ESCUTE-ME
Sofia
está deitada na cama, de onde fita os pingentes que contornam a cúpula do
abajur. A doçura do olhar está embasada com as lembranças da tentativa da fuga
da mãe que ia deixa-la para trás. Justo ela, que a ama e protege tanto. Está
também triste consigo mesma. Por ter dito aquilo que nem ousa repetir em
pensamentos para si.
Na
sala, Páscoa entende que Grego não cumpriu com o combinado e se apega à
esperança de que Maria Luísa e José Inácio consigam suavizar as penalidades do
crime de adultério. Acredita que a memória do seu abandono irá lhe ajudar a
suportar os tempos difíceis que terá pela frente. Sair do outro lado dessa situação é o jogo possível a ser feito com as
cartas da sua natureza contra os quais não quer mais lutar. Será dona de si
custe o que custar. Quitéria entra aflita.
--
Não há uma viva alma na rua. Nem um gato no muro. E a gente aqui trancada, sem
poder sair. Eles já deviam estar de volta.
A
última coisa que Páscoa quer pensar é no retorno de Herculano.
--
Vou ver Sofia. Sobe depois para me trancar.
--
Ah, filha!
Páscoa
se afasta, sobe a escada, percorre o corredor e entra no quarto da menina.
--
Podemos conversar?
A
garota não responde.
--
Não sei quando poderei ver você de novo.
Sem
resposta, Páscoa se aproxima e se senta na beira da cama.
--
Então me escute. Ia fugir para pedir proteção para Maria Luísa, só ela pode me
ajudar. Quero me separar do seu pai e ir morar com você no arraial, mas ele não
quer. Por isso, essa triste confusão. Já causei muita dor por ser do jeito que
sou. Também sofri. Quando você nasceu, temi não ser capaz de protegê-la de um
destino parecido com o meu. Tudo se misturou. Minhas incapacidades, meus medos,
até que o desalento me pegou, numa história que você conhece em parte.

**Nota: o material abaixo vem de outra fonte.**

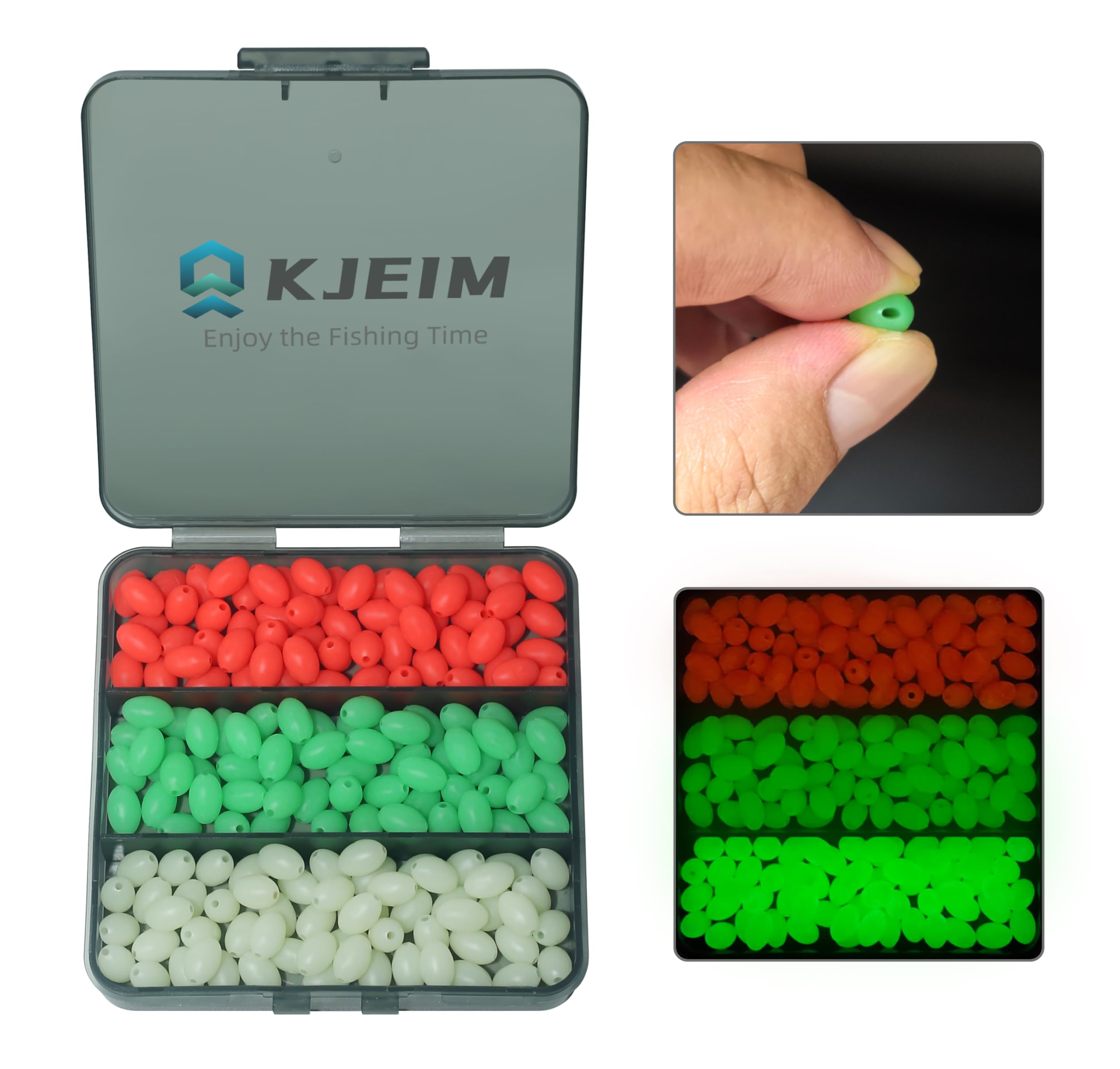 Glow Fishing Beads 180/330/600pcs Oval Soft Rubber Luminous Bait Eggs for Rigs Steelhead Trout Bass Salmon Lure Making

Aconteceu, então, o banho de mar. A esperança renasceu e ousei viver o que
nunca tive. Hoje sei que possuo forças para recriar a minha vida, a nossa vida,
de um modo sem tantos desconfortos entre o que somos e o que nos obrigam a ser.
Não tenho como evitar mais essa dor. Preciso me separar do seu pai para ser
livre. Para ir e vir, como os homens. Errar e acertar como eles, sem ter que
mentir, sem ter que abaixar os olhos e dizer sim, senhor, quando minha vontade é outra. Muita coisa triste
ainda pode acontecer. Posso ficar trancada por um longo tempo no quarto ou em
outro lugar. Mas confie. Tudo passará. Conseguirei minha liberdade e estaremos
juntas de novo.
Páscoa
inclina-se. A dor da cabeça escorrega para os olhos durante o movimento. Beija
a testa da menina, que a alcança pelo ombro com a mão.
--
Deita aqui até ele chegar.
Lágrimas rolam pela face da mãe, que se estende ao lado da filha.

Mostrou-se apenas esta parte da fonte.